RAW DATA:

----

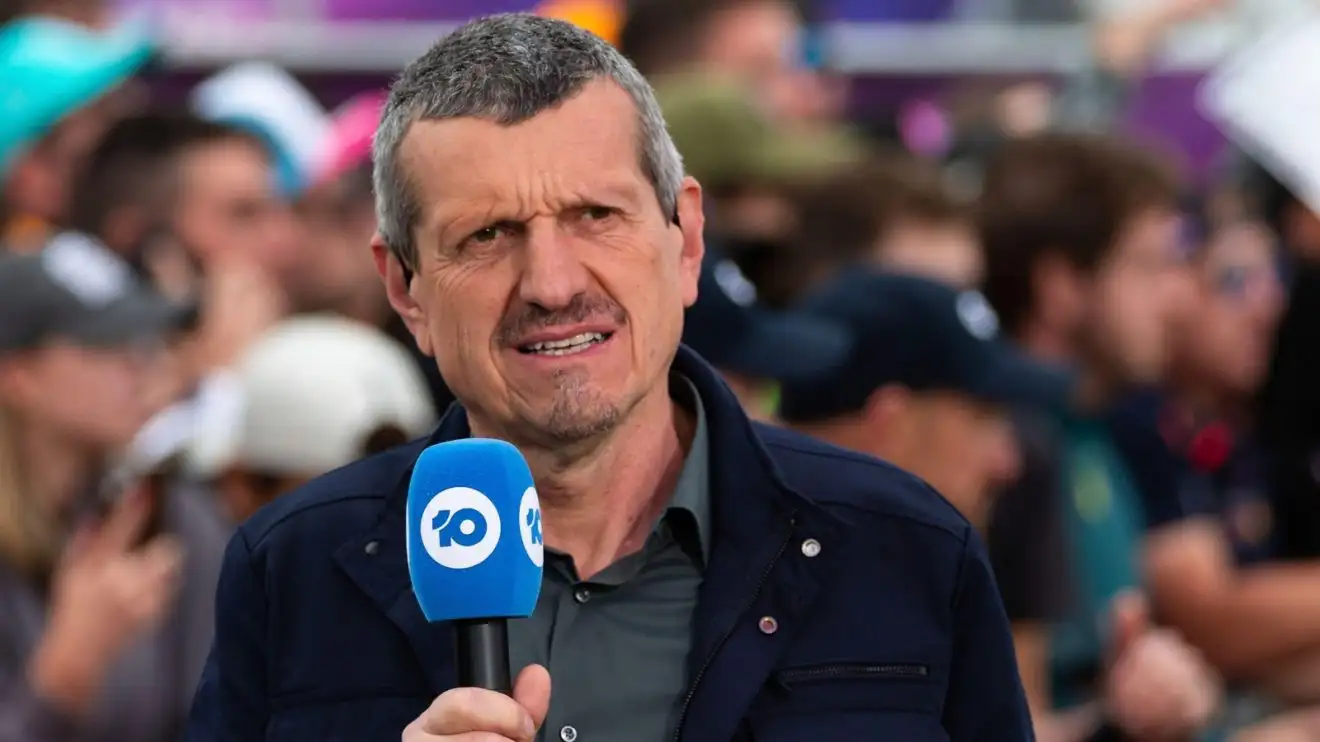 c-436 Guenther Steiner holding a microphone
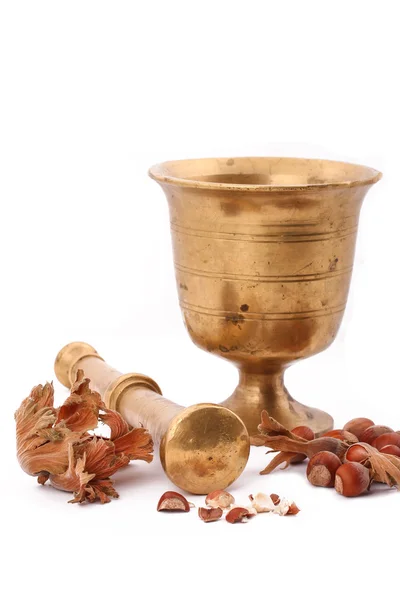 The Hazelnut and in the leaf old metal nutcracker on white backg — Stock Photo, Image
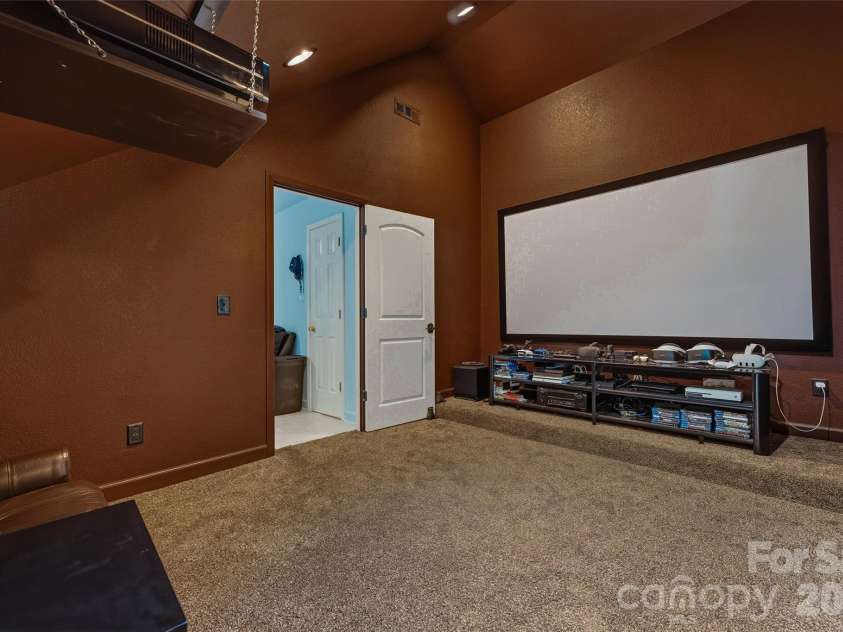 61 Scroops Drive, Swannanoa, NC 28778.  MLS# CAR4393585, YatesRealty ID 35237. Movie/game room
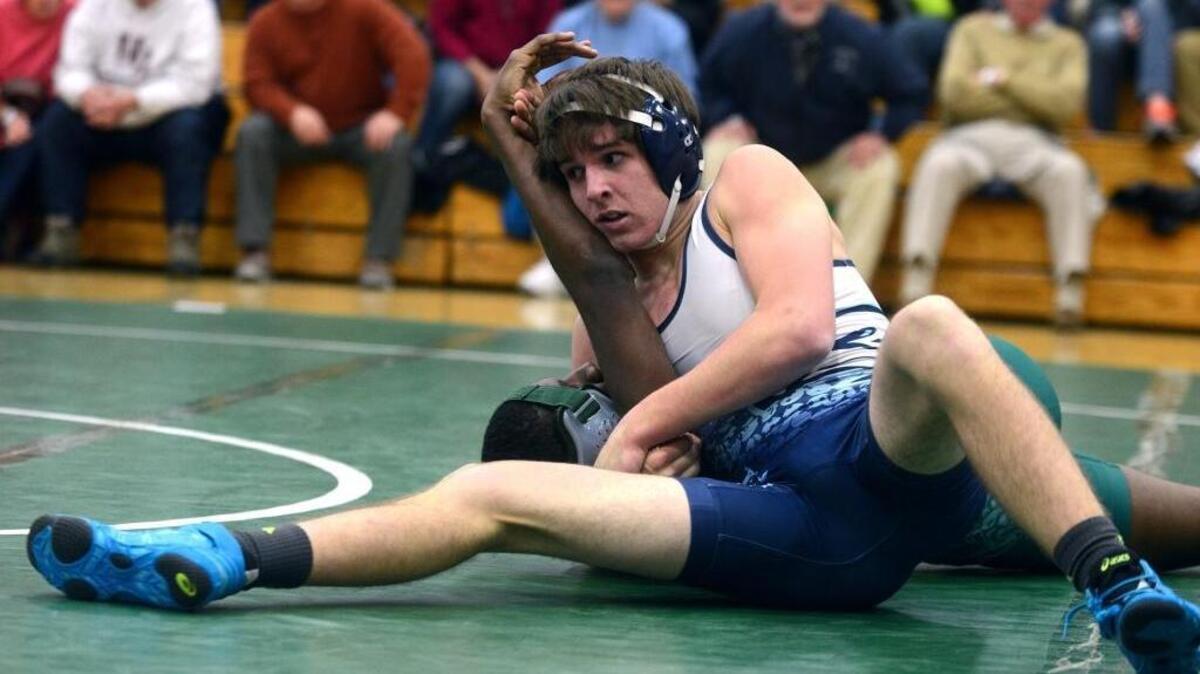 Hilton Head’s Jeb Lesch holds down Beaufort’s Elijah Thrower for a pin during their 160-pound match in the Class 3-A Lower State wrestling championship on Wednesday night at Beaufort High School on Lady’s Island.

----

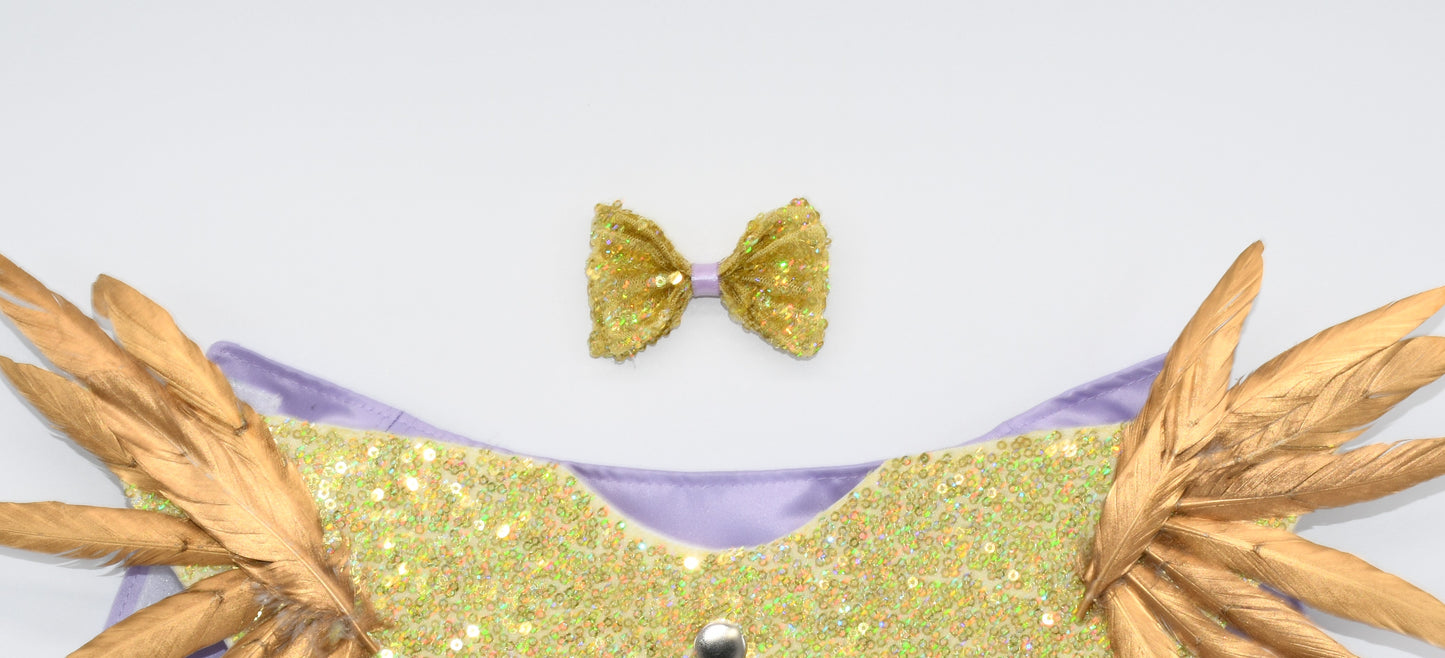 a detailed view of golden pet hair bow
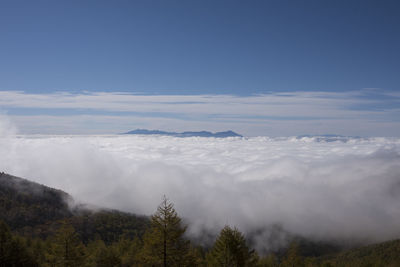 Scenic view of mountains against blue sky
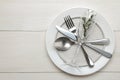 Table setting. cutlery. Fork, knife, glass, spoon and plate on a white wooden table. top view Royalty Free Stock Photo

----

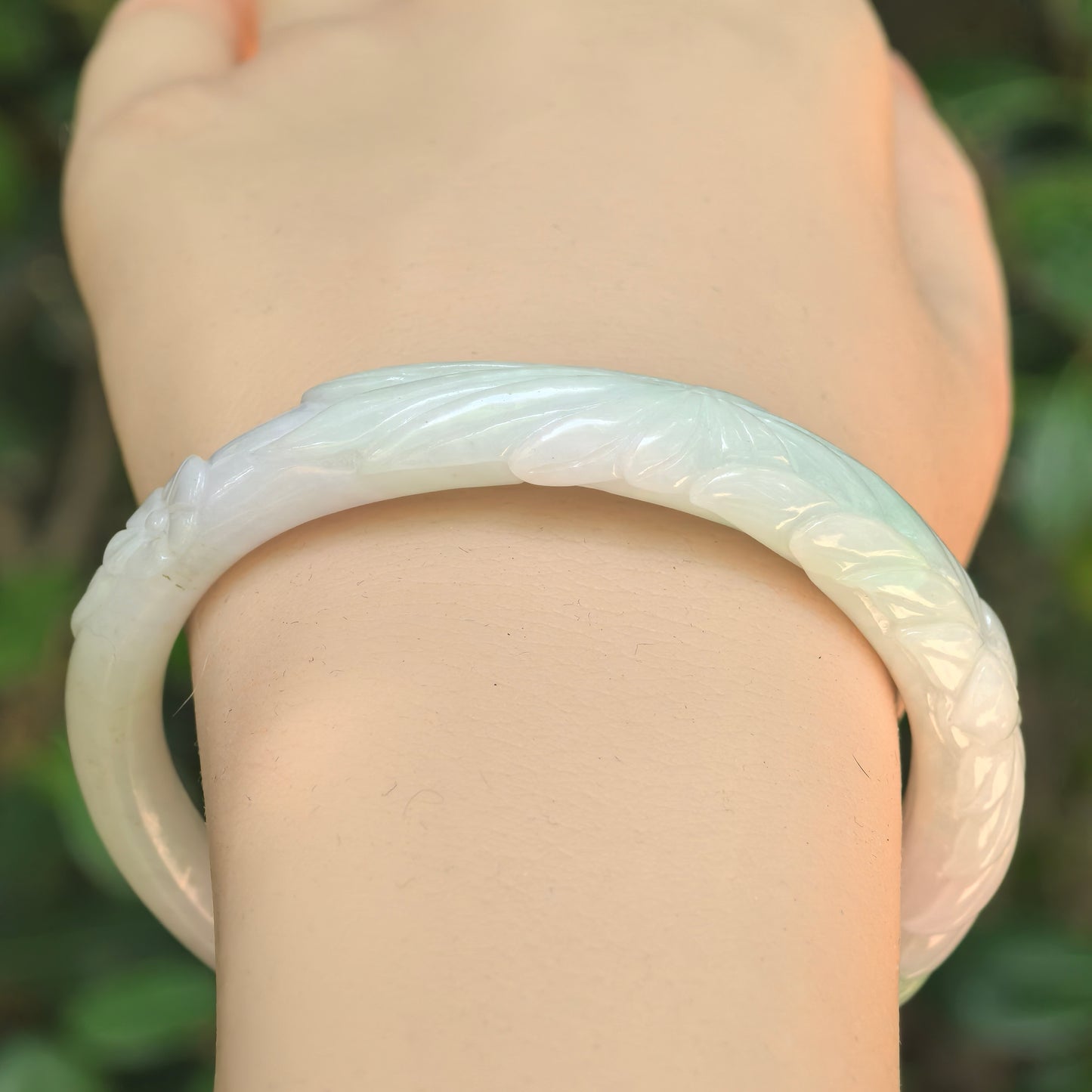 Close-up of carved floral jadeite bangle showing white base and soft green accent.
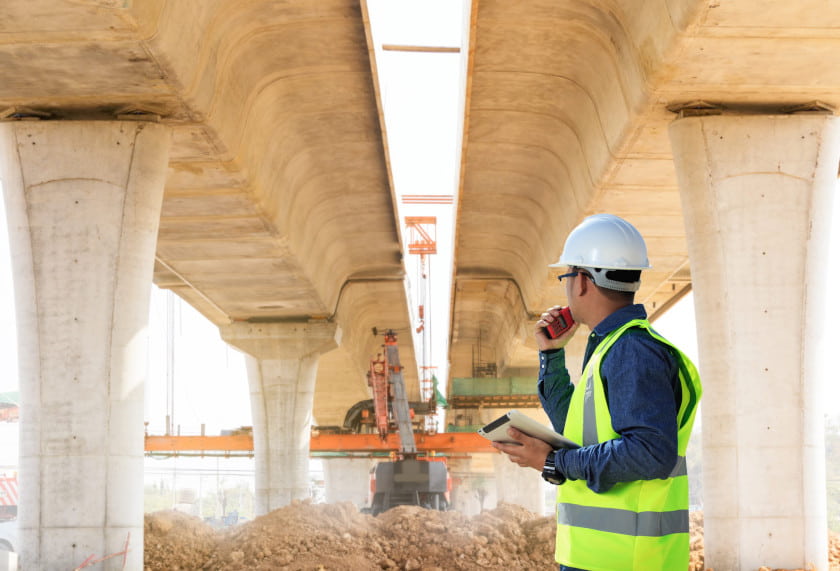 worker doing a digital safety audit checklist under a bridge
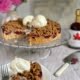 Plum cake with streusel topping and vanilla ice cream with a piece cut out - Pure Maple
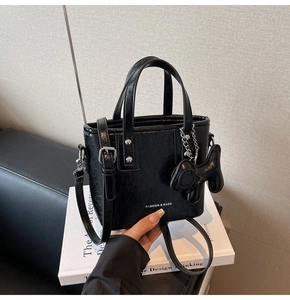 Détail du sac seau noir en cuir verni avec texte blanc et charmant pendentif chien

----

WHAT YOU NEED TO DO: Write down exactly what the lines above say, from the line holding "c-436 Guenther Steiner holding a microphone" through the line holding "61 Scroops Drive, Swannanoa, NC", and nothing more. Do not copy the pictures.

RESPONSE TO THIS TASK:
 c-436 Guenther Steiner holding a microphone
 The Hazelnut and in the leaf old metal nutcracker on white backg — Stock Photo, Image
 61 Scroops Drive, Swannanoa, NC 28778.  MLS# CAR4393585, YatesRealty ID 35237. Movie/game room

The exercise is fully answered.